PROBLEM TO WORK ON:
Restate word for word every line from the one containing "Kaffeeröstung Mann Säcke mit Kaffee" to the last line of the records below.
--- DATASET RECORDS Enclosed Below ---
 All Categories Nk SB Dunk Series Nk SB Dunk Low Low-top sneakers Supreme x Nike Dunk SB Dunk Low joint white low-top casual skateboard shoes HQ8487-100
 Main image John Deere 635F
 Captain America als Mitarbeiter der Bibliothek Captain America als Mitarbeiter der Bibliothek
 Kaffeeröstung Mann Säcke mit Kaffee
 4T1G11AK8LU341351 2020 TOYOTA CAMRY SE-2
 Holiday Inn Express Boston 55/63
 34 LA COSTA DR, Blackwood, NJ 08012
--- End of Enclosed DATASET RECORDS ---
TASK OUTPUT:
 Kaffeeröstung Mann Säcke mit Kaffee
 4T1G11AK8LU341351 2020 TOYOTA CAMRY SE-2
 Holiday Inn Express Boston 55/63
 34 LA COSTA DR, Blackwood, NJ 08012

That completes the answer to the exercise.